Borehamwood's Cock & Hen Club was an instant hit with movie stars and film crews, who enjoyed its relaxed attitude to licensing laws.

Tom Parsons, who was a member for around ten years, remembers that the club, in Shenley Road, was opened in around 1938, by the former production manager and occasional actor Frederick Reynolds.

Most of Mr Parsons' family worked in the film industry, and he joined the club in 1940. But within a few days he was called up by the army, to fight in World War Two.

In 1945 or 1946, Mr Parsons came back to Borehamwood, and started visiting the club on a regular basis.

He had a good, well-paid job working in the fully-fashioned stocking department of the Keystone factory, and enjoyed the late parties at The Cock & Hen Club.

"I carried on going there for about four or five years. I became very good friends with Fred Reynolds, he was always very friendly and outgoing. He was in his late 30s or early 40s, and he was always immaculately dressed, with a small moustache.

"The club was great fun, and its clientele were mostly from the studios film people.
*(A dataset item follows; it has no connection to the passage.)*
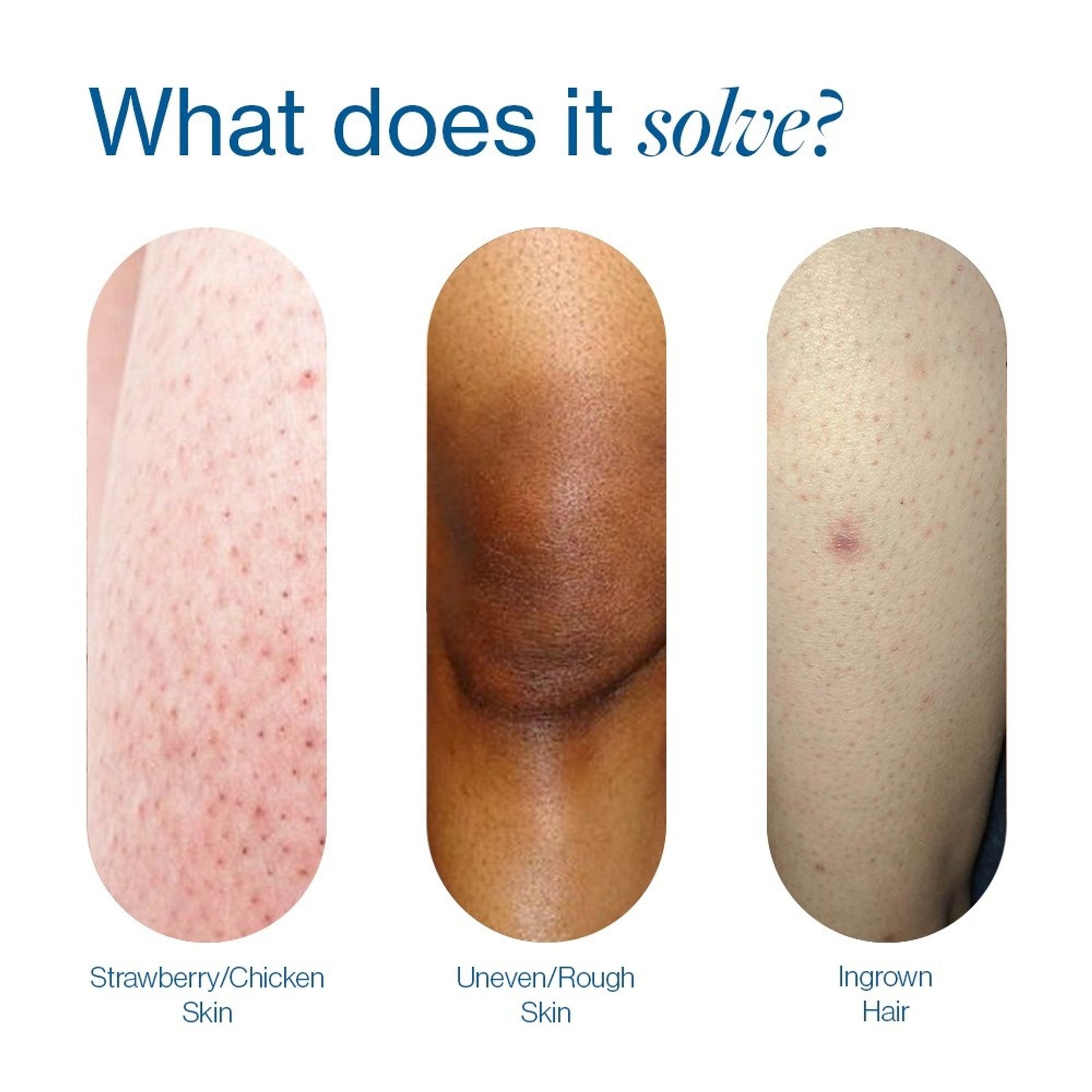 Be Bodywise 7% Glycolic Acid Stick Body Exfoliation For Smooth, Clear & Even Skin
"There was always a lively party going on after the rest of the pubs had closed, which was terribly illegal. We used to go in, put the lock on the door and carry on drinking. It was the sort of place a nice girl wouldn't go into."

The club's location, across the road from Elstree Studios, then called British International Pictures, meant it was never short of glamorous, interesting people.

But in 1951 or 1952, when Mr Reynolds was offered a business opportunity in Jersey, he sold the club and moved on.

Mr Parsons carried on living in Borehamwood until 1985, when he moved to Hol Beach in Lincolnshire. He still keeps up to date with events in the town through a friend, who sends him cuttings from the Borehamwood & Elstree Times.